Register a global callback called whenever **any** watched URL changes.

```python
def handle(report):
    print(report.summary())
    for change in report.changes:
        print(change.human())

wd.on_change(handle)
```

#### `.start(block=True)`

Start the synchronous scheduler. Blocks until `Ctrl+C` by default.  
Pass `block=False` to run in the background (daemon threads).

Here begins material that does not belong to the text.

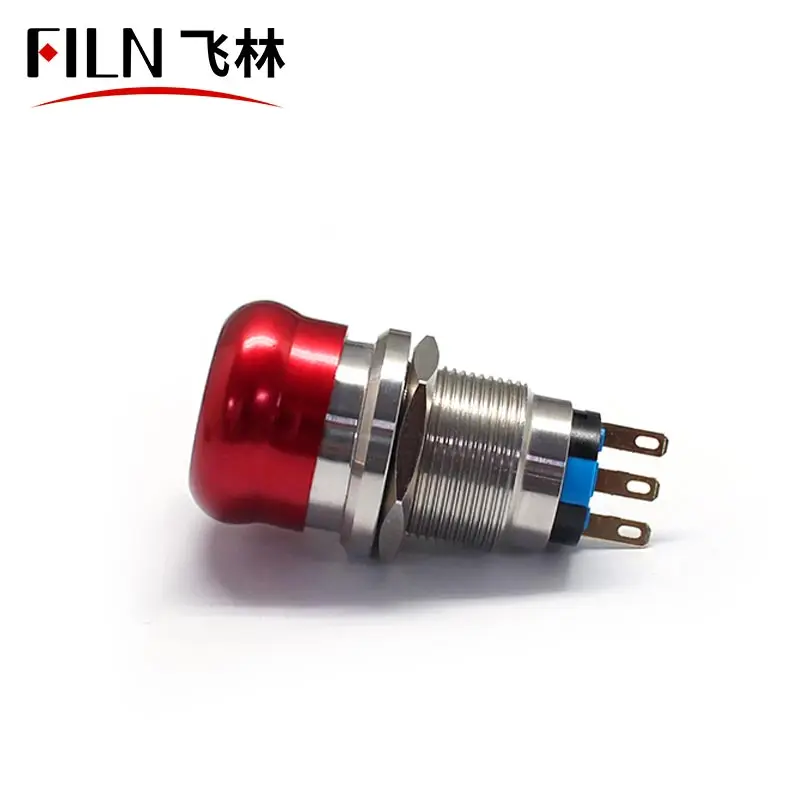 19MM 3 Pins Waterproof Metal Push Button Stop Switch Mushroom Push Button Switch supply UL CE RoHS CB CCC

#### `await .start_async()`

Async variant - use inside an existing event loop (FastAPI, aiohttp, etc.).

```python
import asyncio
asyncio.run(wd.start_async())
```

#### `.check_once(url)`

Run a single immediate check without starting the scheduler loop.

```python
report = wd.check_once("https://example.com")
if report:
    print(report.summary())
```

---

### `DiffReport`

```python
report.url           # str
report.target        # str | None
report.label         # str
report.has_changes   # bool
report.added         # list[Change]
report.removed       # list[Change]
report.modified      # list[Change]
report.changes       # list[Change]  (all changes)
report.compared_at   # datetime

report.summary()     # "[Book price] 1 modified - 2024-01-15 10:30:00 UTC"
report.as_dict()     # JSON-serialisable dict
```

### `Change`

```python
change.kind     # ChangeType.ADDED | REMOVED | MODIFIED | UNCHANGED
change.before   # str | None  - previous value
change.after    # str | None  - new value
change.context  # str | None  - surrounding text hint

change.human()  # "[~] Changed: '$19.00' → '$24.00'"
```

## Webhooks

WatchDiff auto-detects the target service and adapts the payload format:

| Service | Detection | Payload |
|---|---|---|
| Discord | `discord.com` in URL | `{"content": "..."}` (2000-char limit) |
| Slack | `hooks.slack.com` in URL | `{"text": "..."}` |
| Custom | anything else | full `report.as_dict()` |

```python
wd.watch(
    "https://example.com",
    webhooks=[
        "https://discord.com/api/webhooks/YOUR_ID/YOUR_TOKEN",
        "https://hooks.slack.com/services/YOUR/SLACK/WEBHOOK",
        "https://your-api.com/watchdiff-hook",
    ],
)
```

## Async usage

```python
import asyncio
from watchdiff import WatchDiff

async def main():
    wd = WatchDiff()
    wd.watch("https://example.com", target="h1", interval=30)
    wd.on_change(lambda r: print(r.summary()))
    await wd.start_async()

asyncio.run(main())
```

## CLI reference

```
Usage: watchdiff [COMMAND] [OPTIONS]

Commands:
  run       Start continuous monitoring
  check     Run a single check and print the result
  history   Show snapshot history for a URL
  reports   Show diff reports for a URL
  clear     Delete all stored data for a URL

Options (shared):
  --target   -t   CSS selector to watch
  --storage  -s   Storage directory (default: .watchdiff)
  --interval -i   Seconds between checks (run only)
  --limit    -n   Number of entries to show (history/reports)
  --verbose  -v   Enable debug logging
  --json         Output raw JSON (check only)
  --yes      -y   Skip confirmation (clear only)
```

## Use cases

- **E-commerce** - track product prices and stock availability
- **News monitoring** - detect article updates or new publications
- **Documentation** - alert when API docs change
- **Public APIs** - watch JSON endpoints for schema or value changes
- **Compliance** - audit changes on public-facing pages over time


## License

This project is licensed under the [GNU General Public License v3.0](LICENSE).

You are free to use, study, modify, and distribute this software under the terms of the GPL v3.
Any derivative work must also be distributed under the same license.